3rd degree burns do not get treated with ointment, they get grafted. This whole thing has been crazy and has taken on a life of it's own, someone will stumble onto this report and will be appalled and then give their rebuttle, then the editor let's us know when there has been a new opinion givin, I haven't seen dale or april here lately, but then from reading all this I think it has been going on some 2 years or more. None of what they ever said made any sense. And then people write in and give their opinion that any of us who dare to respond to any of it have no life, ya know it's a big ol free world out here and we can respond how we wish and shouldn't be critized for it.
#152 Update By Author
AUTHOR: Dale - Waldorf (U.S.A.)
SUBMITTED: Thursday, October 14, 2004
POSTED: Thursday, October 14, 2004
Our son did have 2nd and 3rd degree burns, as said many times. We DID WHAT HIS DOCTOR TOLD US. So, please get on with your lives, we did. It's sad when some have nothing better to do than to BS on this site for years.
#153 Consumer Suggestion
AUTHOR: Adam - ANCHORAGE (U.S.A.)
SUBMITTED: Friday, October 15, 2004
POSTED: Friday, October 15, 2004
Had you been an alert parent to begin with, the child would never been harmed. It is incumbant on you to ensure your childs safety at all times!
Blaming the server is just your way of abdicating responsibility to others to assuage your own guilt. You waited a day to seek medical assistance thus making no effort to mitigate the damage as any concerned parents should. you epitomize the litigous, something for nothing attitude that permeates our society to the detriment of us all. especially those who depend on us as parents to teach them personal responsibility and the basics of right and wrong.
By the way, are you folks on wefare? If so, remember,there are those of us who work, pay high insurance premiums, and are disgusted by those who make an already expensive system worse due to your me me me fuck every other honest person let them cover it bullshit mentality.We the working, responsible pay for your sick lifestyle. Get a life you parasite.My insurance is always getting higher due to "money for nothing dirtbags" like you
#154 Update By Author
AUTHOR: Dale - Waldorf (U.S.A.)
SUBMITTED: Sunday, October 17, 2004
POSTED: Sunday, October 17, 2004
To Adam,
You are obviously one of those BSer's on Welfare. This should prove to Social Services that people too lazy to work should not be given a computer. Yeh, I take it you're also one who received one from my tax money. First you apparently used your thesis button to make yourself look a tiny bit brighter, yet you can seem to find the big button that says, “SHIFT.” Then your last paragraph sounds like some yahoo on drugs.

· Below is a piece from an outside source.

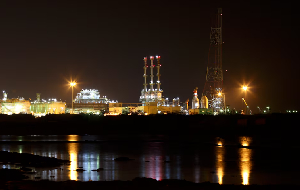 Reliance Industries' KG-D6 facility in India's Andhra Pradesh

Let me make this clear, we did supervise our child, if you'd read this report, you'd know that. Don't say you have kids, when you proved otherwise with your utterly abusive language, ED must not have seen it or it would not even have been posted. You can read the rules of the site, right, maybe not?!? Quite frankly, I don't even think you have a job nor have ever held one, if by some strange chance you landed one, it must be with IHOP. [LOL] Insurance premiums aren't a problem, it's the cost of medication that plagues the honest working people like us. We did not wait until the next day, my wife spoke with the doctor and other medical staff that very night, so really?